#### AVAILABLE DATA
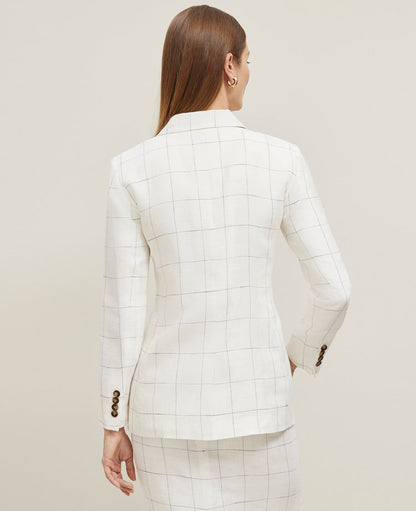 The Fitted One Button Blazer in Windowpane Linen Blend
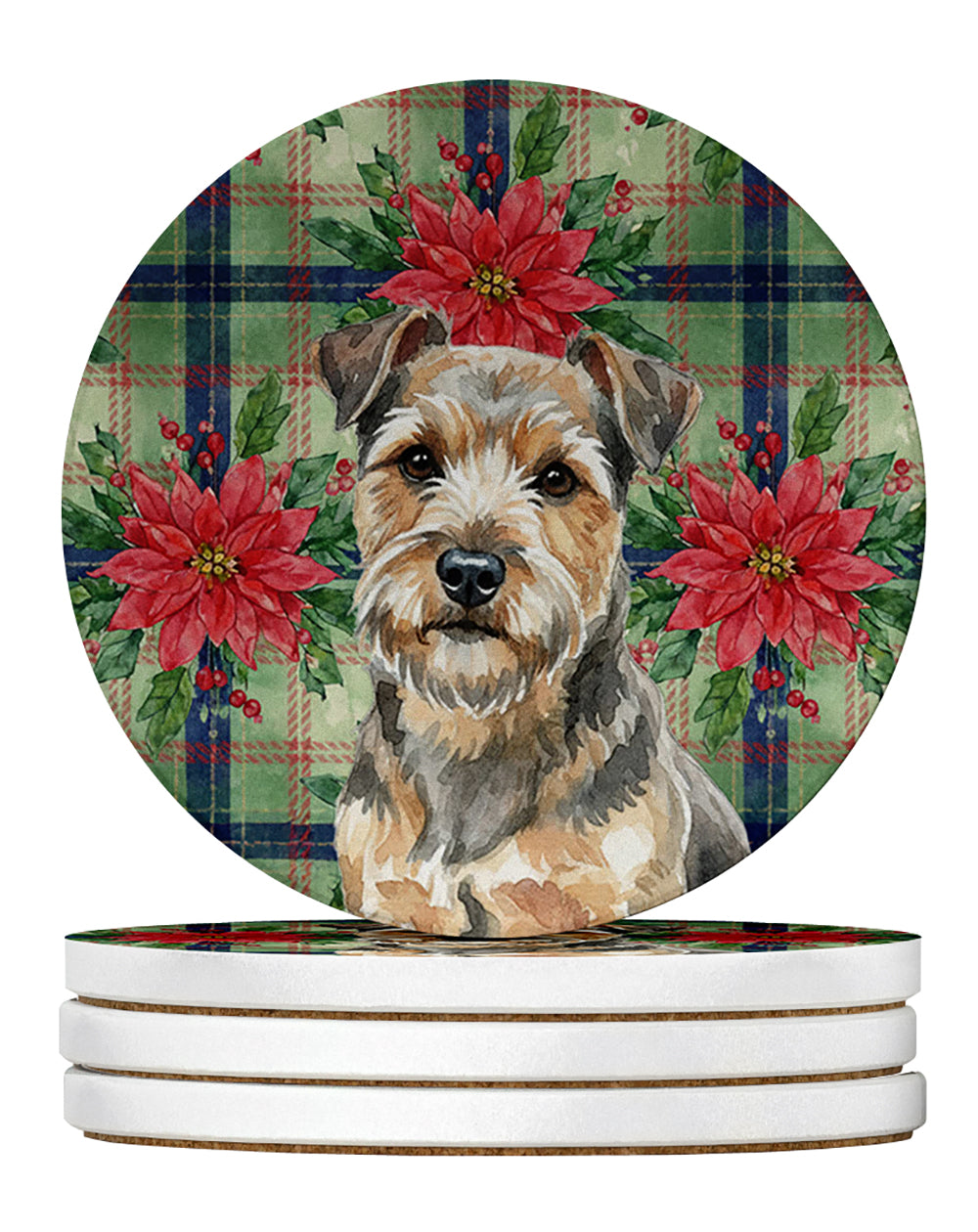 Caroline's Treasures Grizzle and Tan Norfolk Terrier Christmas PoinsettIas Large Sandstone Coasters Pack of 4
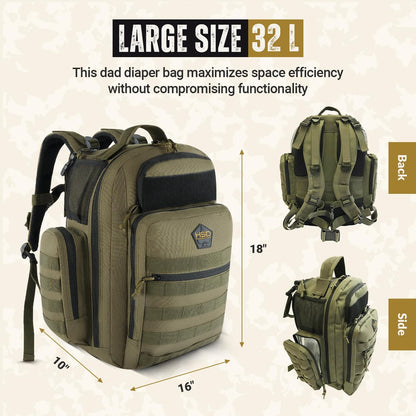HighSpeedDaddy - Baby Diaper Backpack, Military-Grade, Waterproof, Compact Baby Travel Bag with Diaper Changing Mat
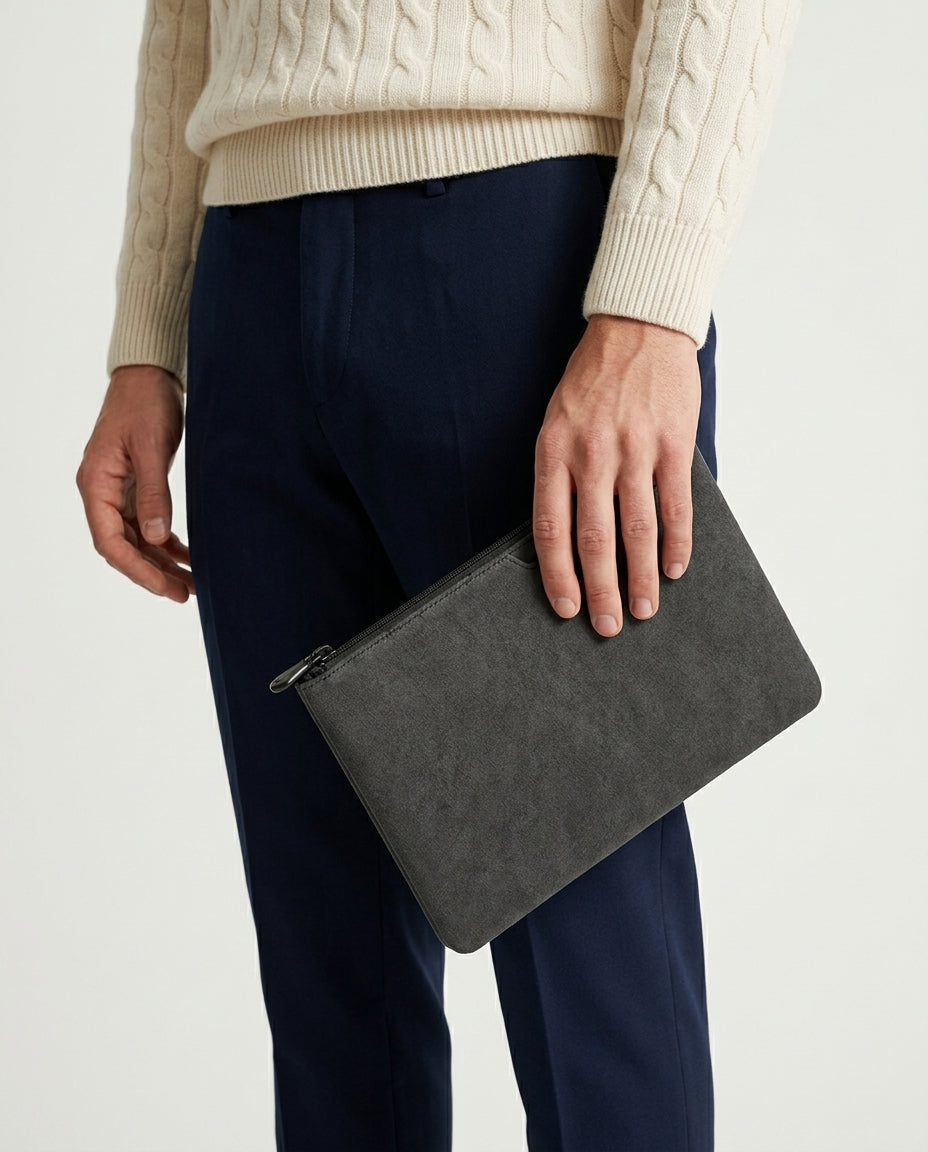 Alcantara Clutch Bag - Dark Gray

#### ACTIVITY
Would you retype every line shown above exactly, leaving the pictures aside?

#### THE COMPLETED TASK
 The Fitted One Button Blazer in Windowpane Linen Blend
 Caroline's Treasures Grizzle and Tan Norfolk Terrier Christmas PoinsettIas Large Sandstone Coasters Pack of 4
HighSpeedDaddy - Baby Diaper Backpack, Military-Grade, Waterproof, Compact Baby Travel Bag with Diaper Changing Mat
 Alcantara Clutch Bag - Dark Gray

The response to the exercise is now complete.